Szanse na nową karetkę dla pogotowia
Treść
Połowa auta
NOWY SĄCZ. Zarząd Powiatu Nowosądeckiego zdecydował się przeznaczyć 100 tys. zł na zakup ambulansu dla Sądeckiego Pogotowia Ratunkowego. To połowa wartości auta. Resztę będzie musiało dołożyć samo pogotowie.

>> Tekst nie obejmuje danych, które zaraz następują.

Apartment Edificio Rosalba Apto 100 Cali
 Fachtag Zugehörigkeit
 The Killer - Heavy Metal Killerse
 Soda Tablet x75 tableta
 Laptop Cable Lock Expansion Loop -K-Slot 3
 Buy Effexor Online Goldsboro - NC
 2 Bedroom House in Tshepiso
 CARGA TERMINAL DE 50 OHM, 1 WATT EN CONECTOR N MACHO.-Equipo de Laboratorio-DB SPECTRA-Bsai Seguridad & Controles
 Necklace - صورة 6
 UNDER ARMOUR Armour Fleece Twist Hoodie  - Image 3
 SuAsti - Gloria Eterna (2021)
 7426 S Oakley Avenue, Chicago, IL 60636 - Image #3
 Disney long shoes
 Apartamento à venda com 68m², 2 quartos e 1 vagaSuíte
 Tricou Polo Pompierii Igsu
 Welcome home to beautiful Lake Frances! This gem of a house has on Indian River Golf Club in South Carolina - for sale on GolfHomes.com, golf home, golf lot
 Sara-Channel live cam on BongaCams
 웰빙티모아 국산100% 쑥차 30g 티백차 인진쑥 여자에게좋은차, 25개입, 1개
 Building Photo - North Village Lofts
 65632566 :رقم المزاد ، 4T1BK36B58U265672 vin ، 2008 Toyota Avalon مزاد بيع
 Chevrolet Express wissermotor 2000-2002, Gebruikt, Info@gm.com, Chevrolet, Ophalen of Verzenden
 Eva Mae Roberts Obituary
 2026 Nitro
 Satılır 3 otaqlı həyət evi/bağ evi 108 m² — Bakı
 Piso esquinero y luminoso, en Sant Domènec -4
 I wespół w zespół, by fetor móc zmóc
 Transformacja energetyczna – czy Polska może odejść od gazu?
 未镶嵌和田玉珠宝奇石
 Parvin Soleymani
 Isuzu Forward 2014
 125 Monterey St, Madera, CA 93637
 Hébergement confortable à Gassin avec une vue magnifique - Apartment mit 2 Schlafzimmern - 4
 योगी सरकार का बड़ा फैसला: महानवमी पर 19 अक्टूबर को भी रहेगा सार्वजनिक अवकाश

- Weźmiemy kredyt, żeby zdobyć fundusze - zapowiada Danuta Cabak-Fiut, dyrektor SPR. - Nowe auta są nam bardzo potrzebne, bo tabor jest wysłużony. Na górskich drogach należałoby go zmieniać praktycznie co dwa lata. Samochody zaczynają się psuć najczęściej krótko po wygaśnięciu gwarancji, co przysparza nam dodatkowych kosztów.
Nowosądeckie pogotowie dysponuje dziesięcioma ambulansami. Trzy są w Nowym Sączu, dwa w Krynicy i po jednym w poszczególnych podstacjach. Dla zapewnienia ciągłości pracy powinno ich być jednak co najmniej 15.
- Trzeba pamiętać, że auta się psują, a wtedy musimy podstawić zastępczą karetkę - mówi Danuta Cabak-Fiut. - Najstarsza ma już 12 lat, więc nigdy nie mamy pewności, czy dotrze do chorego.